Joe Pellegrino was thinking small.
Well, not so much small as attainable. The retired United States Army Lt. Col. spent a career in arguably one of the most goal-oriented arenas in the world, and his up-front and candid demeanor – almost as if he’s expecting something from you in the conversation – gives the impression that neither he nor those below him fell short very often.
The idea, thought the then-Manteca Chamber of Commerce Executive Director, was to raise enough money to start a program that would place 500 flags throughout Manteca on each of the major patriotic holidays.
President’s Day. Veterans Day. Fourth of July. Memorial Day.
But Pellegrino ran into a problem that many people in the world of non-profits would love to have – everybody that he asked for money and help said yes.
What started, in his mind, as a lofty goal for 500 flags quickly blossomed into 1,000 flags. And then 1,500 flags. And then 2,400 flags. Every business and every resident and every community service organization got behind a simple idea that a mid-sized American town that prides itself in maintaining its small-town charm should be able to offer some of those small-town draws.
It took work and it took planning and it took a lot of those firm, officer-like conversations where the imposing Pellegrino would maintain the handshake and peer into the eyes of whoever he was soliciting until he got what he was asking for. But Flags of Manteca became a reality and helped give the small-town Northern California boy (he hails from Weed) a victory that earned him the Grand Marshal spot in the Manteca Holiday Parade in 2010.
“Coming from a military background, you fly the colors – it’s what you see when you go back to Washington, D.C., or you travel overseas to a base or you do anything that represents the country,” Pellegrino said. “So I thought that it would be a neat idea to try and get some money together to get about 500 flags together to put out on the holidays.
“But there wasn’t a soul that said no to me. I bet I went out there and talked to 1,000 people and each and every one of them said that they’d help out in one way or another. Manteca is a very patriotic community – it’s all about family and country.
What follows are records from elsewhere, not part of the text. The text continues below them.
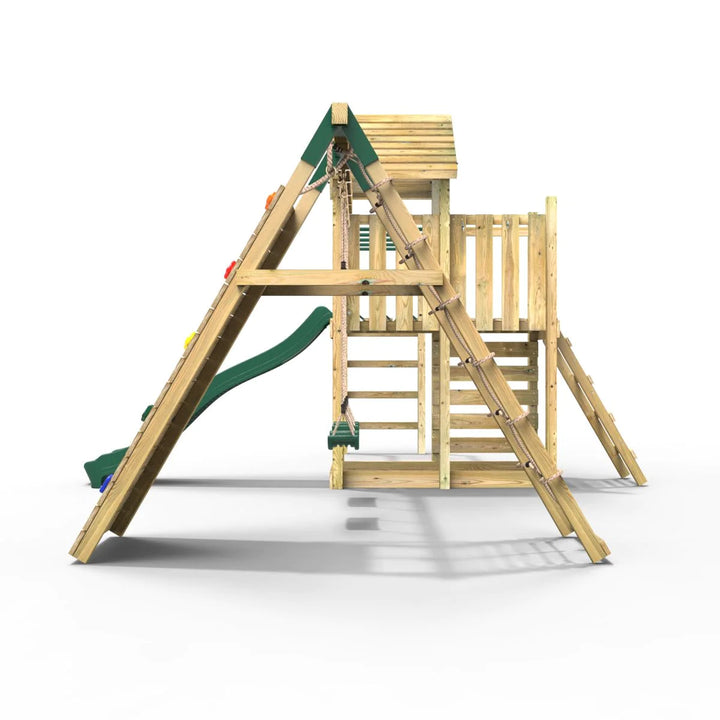 Rebo Wooden Climbing Frame with Swings and Slide Dolomite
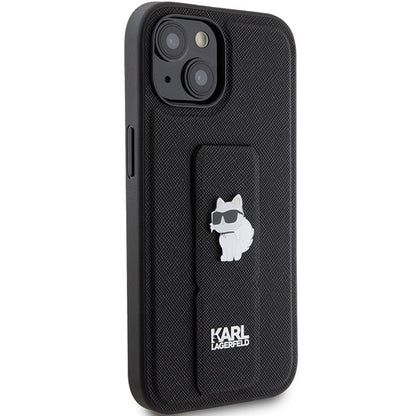MagSafe Hülle für Apple iPhone 15 Plus, Karl Lagerfeld, Saffiano Gripstand Choupette, Schwarz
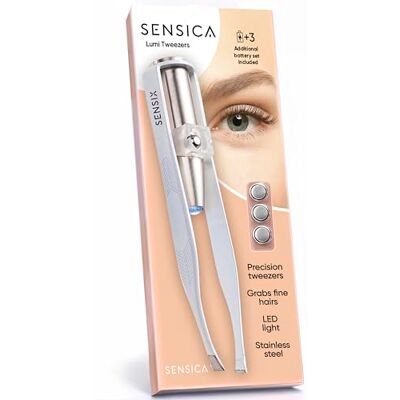 Sensica Pinças de depilar com luz LED Pinças Profissionais de Aço Inoxidável para Sobrancelhas Profissionais para Precisão e Controle, Ideal para Mulheres Sensica Pinças de depilar com luz LED Pinças Profissionais de Aço Inoxidável para Sobrancelhas Profissionais para Precisão e Controle, Ideal para Mulheres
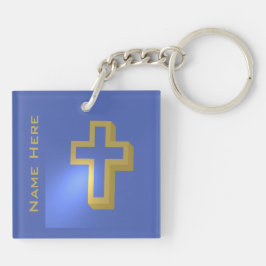 Gepersonaliseerd Goud Christelijk Religious Cross Sleutelhanger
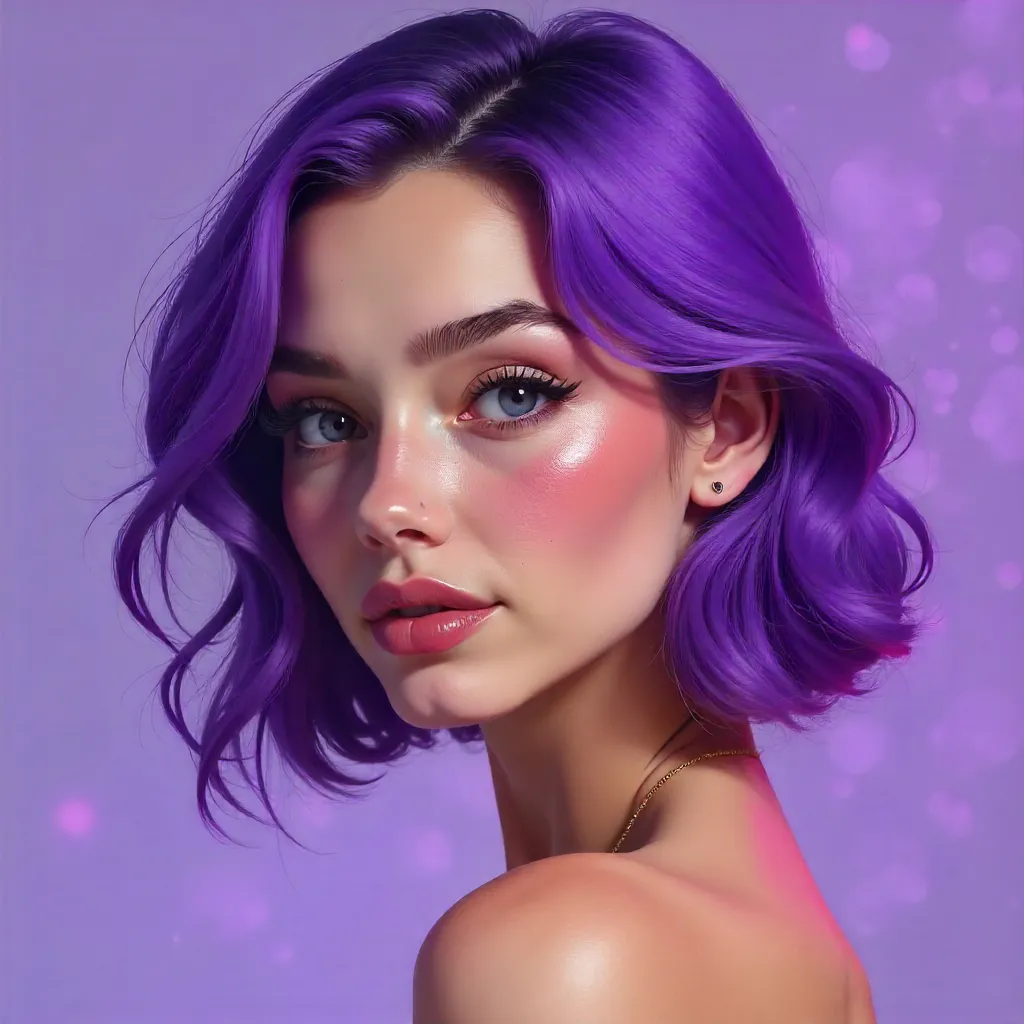Vivid Lavender Portrait: Expressive Young Woman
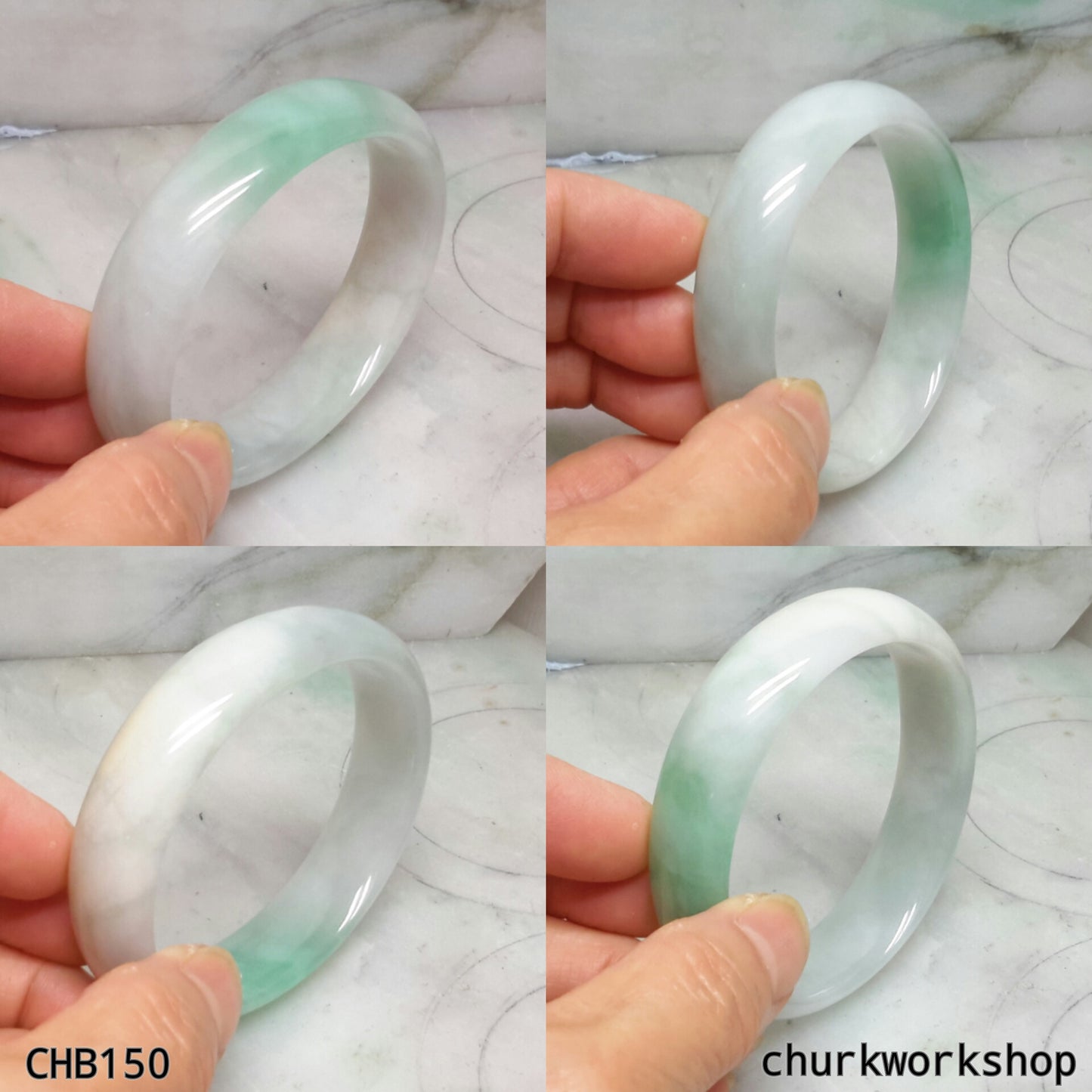 Pale green oval jade bangle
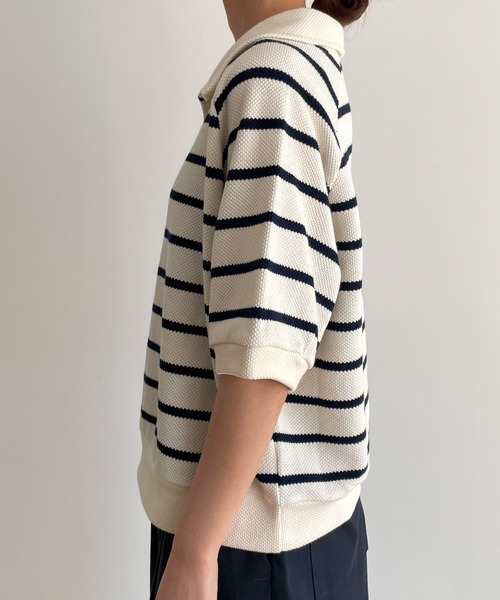 CANAL JEAN（キャナルジーン）の「El mar(エルマール) カノコ編みボーダー半袖プルオーバー（ポロシャツ・レディース・ブラック/アイボリー・ONE SIZE）」の10枚目の写真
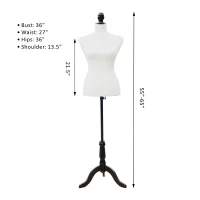 HomCom 36" 27" 36" Fashion Mannequin Female Dress Form w/ Base - White Form(m-3)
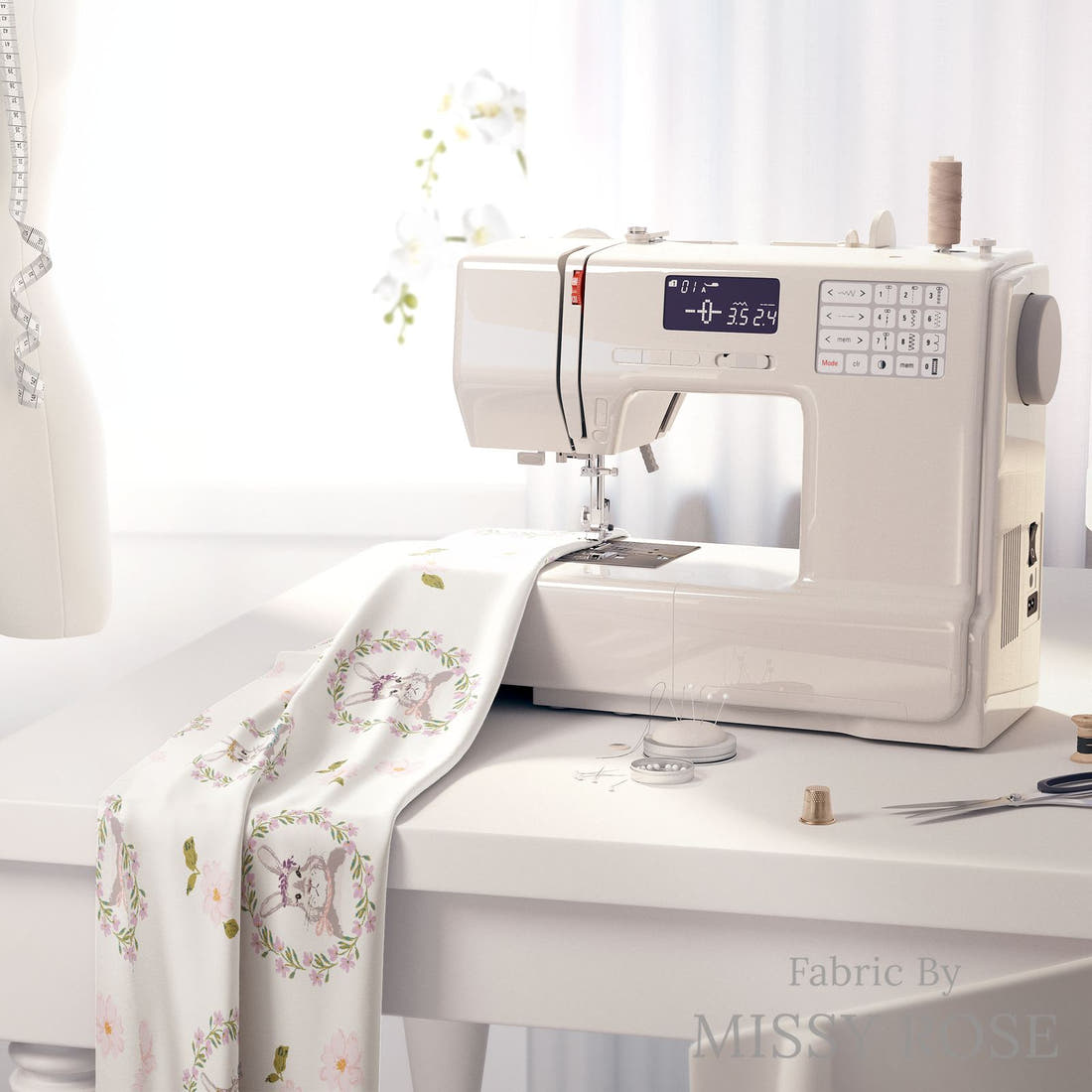 Indy Bloom Fabric Easter Party Bunnies 03 fabric on a sewing machine - sew your own | Fabric by Missy Rose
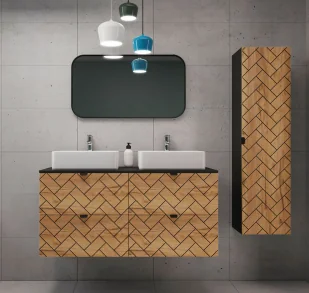 Zestaw mebli łazienkowych 3 częściowy czarny + dąb craft złoty Z8-R22 - Szafki łazienkowe - miniaturka - grafika 1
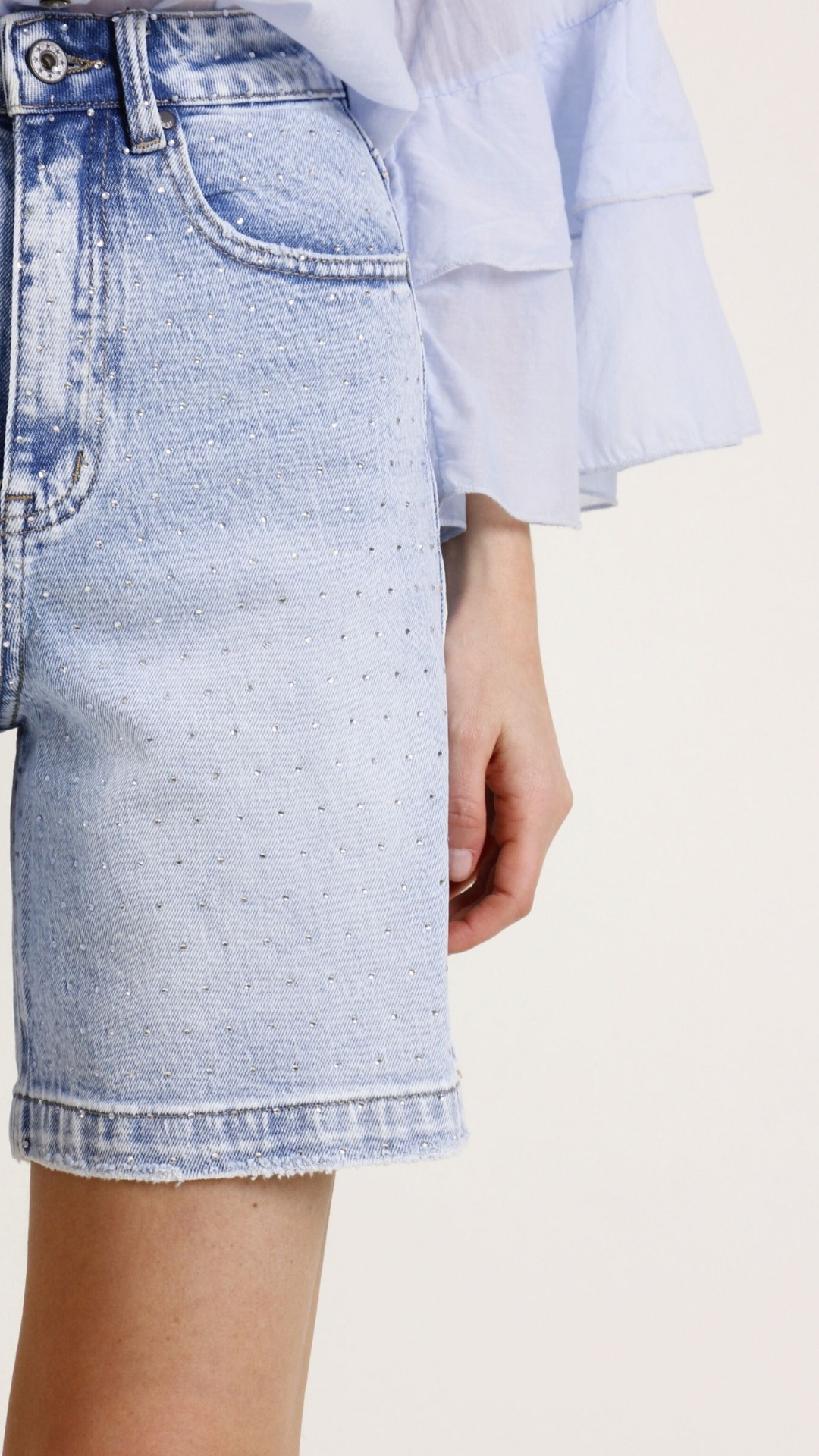 Short di jeans - Bermuda jort con strass Vanchi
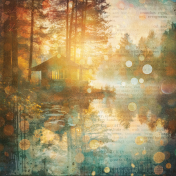 Lakeside Autumn Artsy Cabin Paper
And I think you can see that in how supportive the public was in this.”
It would be unfair to say that any one veteran has a sense of patriotism that’s greater than any others.
But Pellegrino’s assignment – posted to the National Airborne Emergency Command Post – put him at arm’s reach of the President of the United States of American for roughly a decade.
That guy, in the military dress uniform walking behind the President when he steps out onto the tarmac carrying a briefcase that’s handcuffed to his wrist? That was Pellegrino. And the briefcase? It contained the protocol for initiating a nuclear strike when away from a military command post like the White House Situation Room or The Pentagon.
He was on-duty when Iranian revolutionaries overtook the United States Embassy in Tehran and took 52 Americans hostage. He was on duty when John Hinckley Jr. tried to assassinate President Ronald Reagan only 69 days into his Presidency.
It was a period of unrest and uneasiness. So, day-in and day-out, here was this Army officer from a small, sleepy mountain town in the shadow of Mount Shasta that carried the one piece of luggage that could literally end mankind. It’s the kind of assignment that puts the freedoms that Americans enjoy into constant perspective.
Hence, the flags.
Football and the future
His last posting before retiring was at The Presidio near the base of the Golden Gate Bridge, and it was there that he would be able to rabidly pursue one his life’s greatest passions.
The San Francisco 49ers.
Pellegrino was able to get in on the ground floor of the Bill Walsh dynasty that started when the team used a third-round pick to select a Norte Dame quarterback with moderate upside in the 1979 Draft. He saw the games at Kezar Stadium, braved the cold of Candlestick and watched with amazement as a team that he had followed since his days a tyke in Weed became one of the greatest franchises in all of sports.
Pellegrino and his wife Pat ended up moving to Manteca (they still live here), and his involvement in the community would allow him to forge a friendship with one of his childhood idols – R.C. “Alley Oop” Owens – and develop a pipeline between his beloved organization and the Manteca Boys and Girls Club.
And like any military man, Pellegrino keeps moving. He’s still active on the Boys and Girls Club Hall of Fame Selection Committee. He spent a decade as the St. Anthony’s School Athletic Director, and remains a vital part of the Italian-Catholic Federation and the Knights of Columbus.
But his flags are still near and dear to his heart. Even if he wants to see more of them.
“My big wish is to see 2,500 more flags,” he said with a laugh. “I want to be able to see them all the way down Yosemite and Main and Union and Louise – just one big rectangle.
“That’s was the original plan, you know? And I think had I stayed on with the Chamber for a little bit longer, it’s something we probably would have gotten done. But it’s still doable.”